In real, bona fide, card-carrying life, you'd completely ignore him -- even if he tried to give you money (and don't hit me with the "'it all depends how much'" line, because I'm not buyin' it, and if you do, you're not only idiosyncratic, but also a hooker). Where do all of you think this leaves the real guys? Your harebrained sanctions for "normal" behavior are of your own construction, and well, my heartfelt congratulations to you, because you've outdone the guys.
I won't put my "Michelle's Top Ten Reasons (insert female persona here) is Better Than All the Other Erratic Women Out There" into action until (and if) I get a *qualified nominee.

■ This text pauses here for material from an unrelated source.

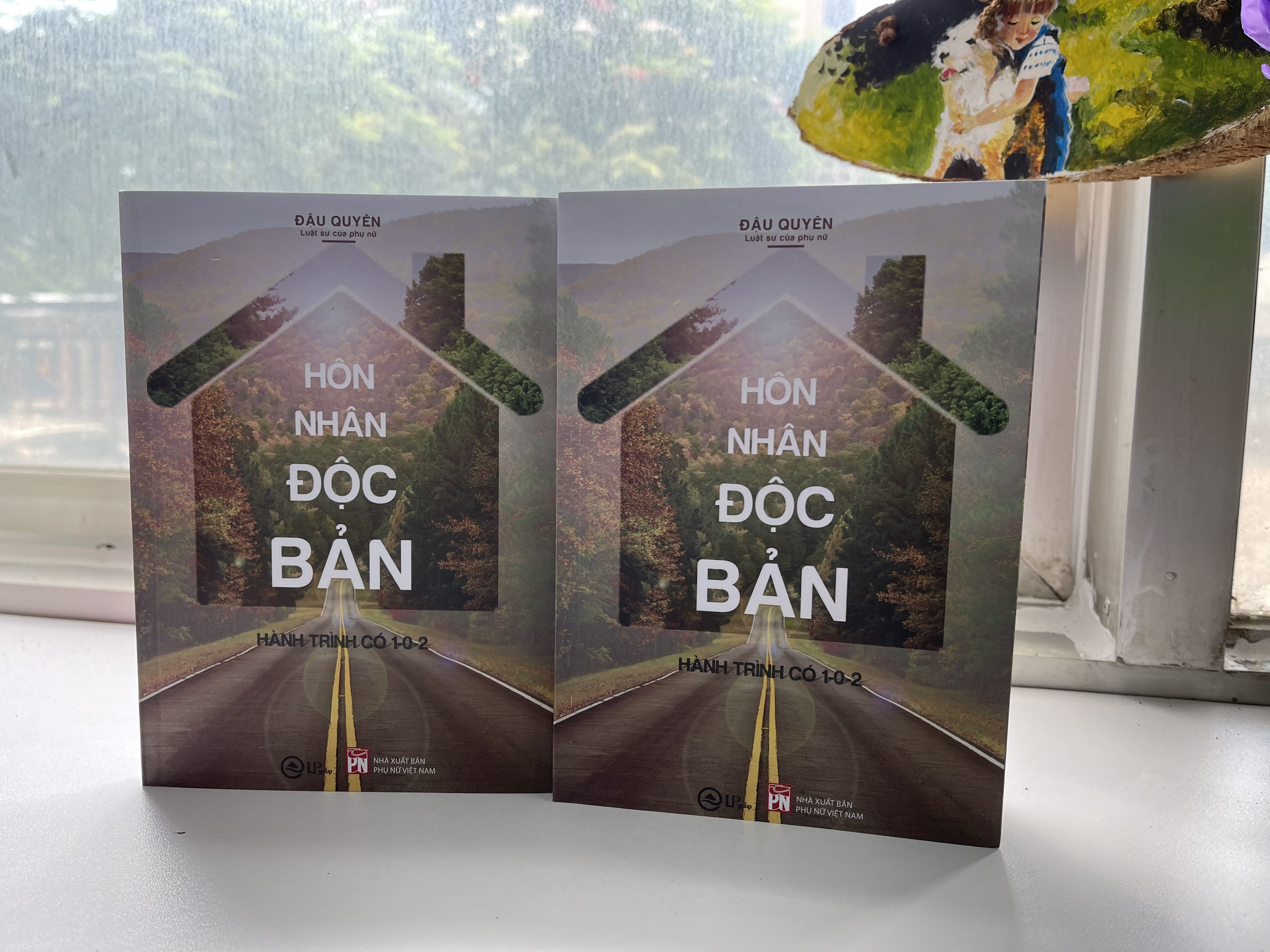 Sách Hôn Nhân Độc Bản - Hành trình có 1 0 2 - Luật sư Đậu Thị Quyên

Until then, I'll summarize just for the sake of clarity. You women are swooning because you are confused (shocking, I know). You've packed up all your neat little garments made of 100% pure expectation and you're planning to move to vampire-island, where bountiful disappointment awaits (alongside your orders of pretty, yummy drinks), because your blood-sucking love interest is sure to be sleeping in the dog house within seventy-two hours of your arrival.
It's true, shut up.
He'll come to sweep you up into the magical trees, and your warm, little, welcoming self will kindly provide him with a gratudial verbal tirade (that would chase him right back to Italy, into the welcoming arms of the Volturi), because either A) You don't like to be treated that way, or B) He didn't anticipate the fact that you were in the "mood" for a quiet, sullen evening with a salad and a spritzer.
I know! The absolute nerve of some people.
*Qualified in this case consists of a female character, bound by the same tantamount (look it up) standards as "our" dreamy, muddle-haired Edward.
Bring "her" on, I'm all over this one.